PUB’s Choa Chu Kang Waterworks named Global Water Awards 2020 ‘Water Project of the Year’

National water agency PUB’s newly upgraded Choa Chu Kang Waterworks (CCKWW) that houses the largest ceramic membrane system in the world has been named ‘Water Project of the Year’ at the Global Water Awards 2020, a year after its opening in August 2019. This adds another feather to the cap and is a testament to PUB’s commitment to continuous innovation and technology adoption. 

This is PUB’s third consecutive win at the prestigious annual Global Water Awards, established by Global Water Intelligence (GWI) since 2006. In 2019, PUB-owned Tuas Desalination Plant was conferred ‘Desalination Plant of the Year’; and Ulu Pandan Wastewater Treatment Demonstration Plant was named ‘Water/Wastewater Project of the Year’ in 2018. This year’s results were announced online. 

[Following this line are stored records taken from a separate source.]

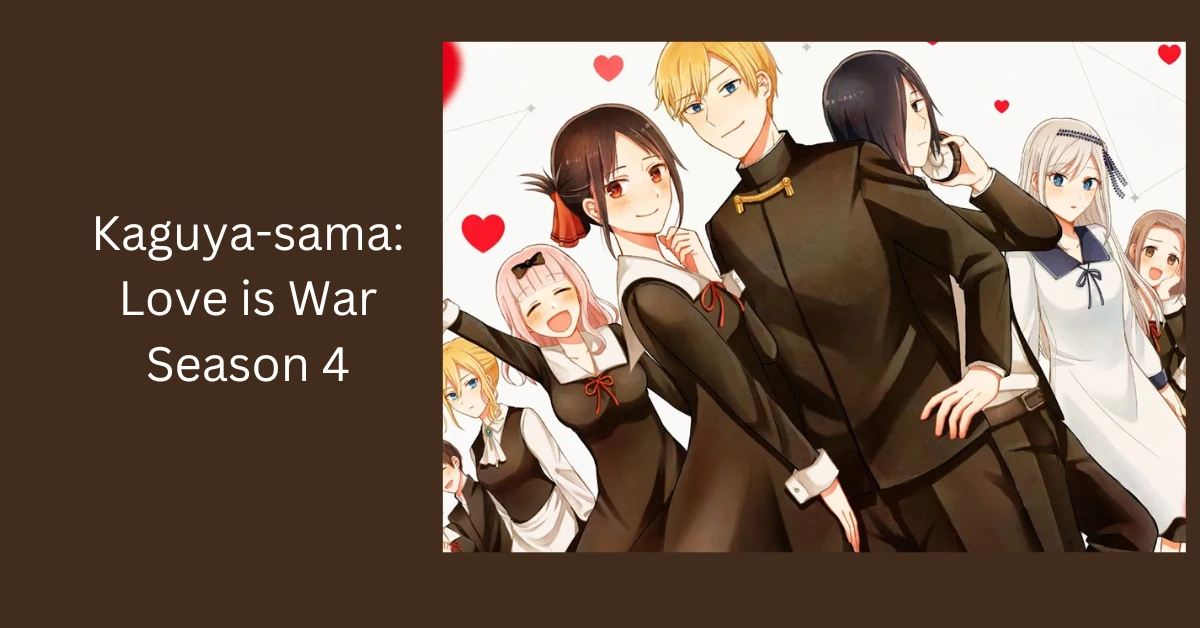 Kaguya-sama Love is War Season 4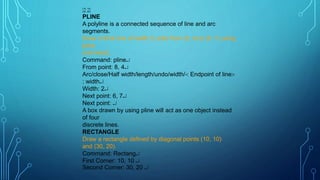 (10, 10)
(30, 20)
PLINE
A polyline is a connected sequence of line and arc
segments.
Draw a thick line of width 2 units from (8, 4) to (6, 7) using
pline
command.
Command: pline
From point: 8, 4
Arc/close/Half width/length/undo/width/ Endpoint of line
: width
Width: 2
Next point: 6, 7
Next point: 
A box drawn by using pline will act as one object instead
of four
discrete lines.
RECTANGLE
Draw a rectangle defined by diagonal points (10, 10)
and (30, 20).
Command: Rectang
First Corner: 10, 10 
Second Corner: 30, 20 
 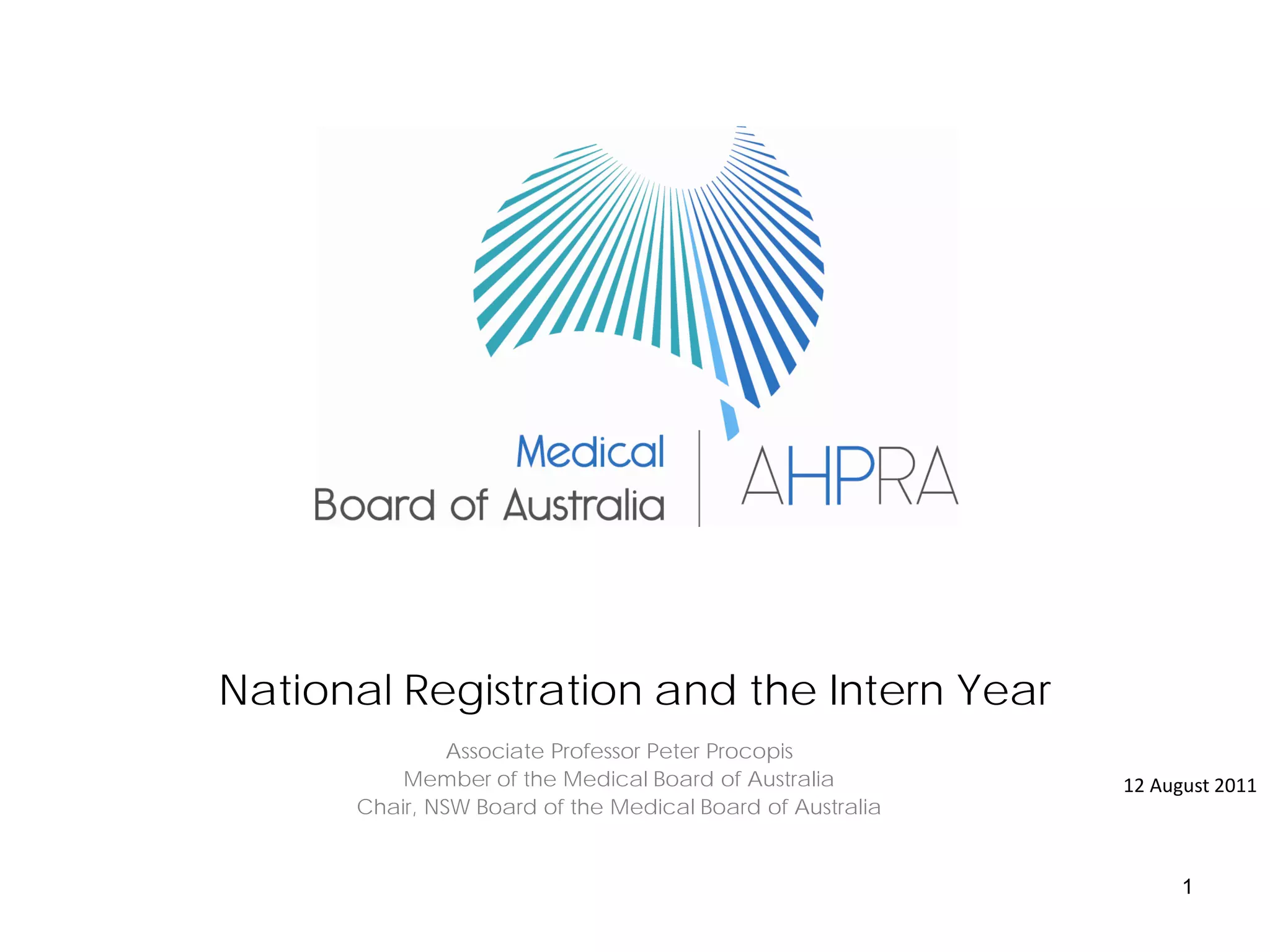 National Registration and the Intern Year
               Associate Professor Peter Procopis
          Member of the Medical Board of Australia         12 August 2011
      Chair, NSW Board of the Medical Board of Australia


                                                                 1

The Global Water Awards recognise the most important achievements in the water industry and honour initiatives and companies in the water, wastewater and desalination sectors that are moving the industry forward through improved operating performance, innovative technology adoption and sustainable financial models. The ‘Water Project of the Year’ Award recognises projects deploying innovative technology to optimise its physical or environmental footprint. The three other nominees in the category are: Montevina Water Treatment Plant Upgrade in USA, Putatan 2 Drinking Water Plant in the Philippines, and the Tai Po Water Treatment Works Expansion in Hong Kong. 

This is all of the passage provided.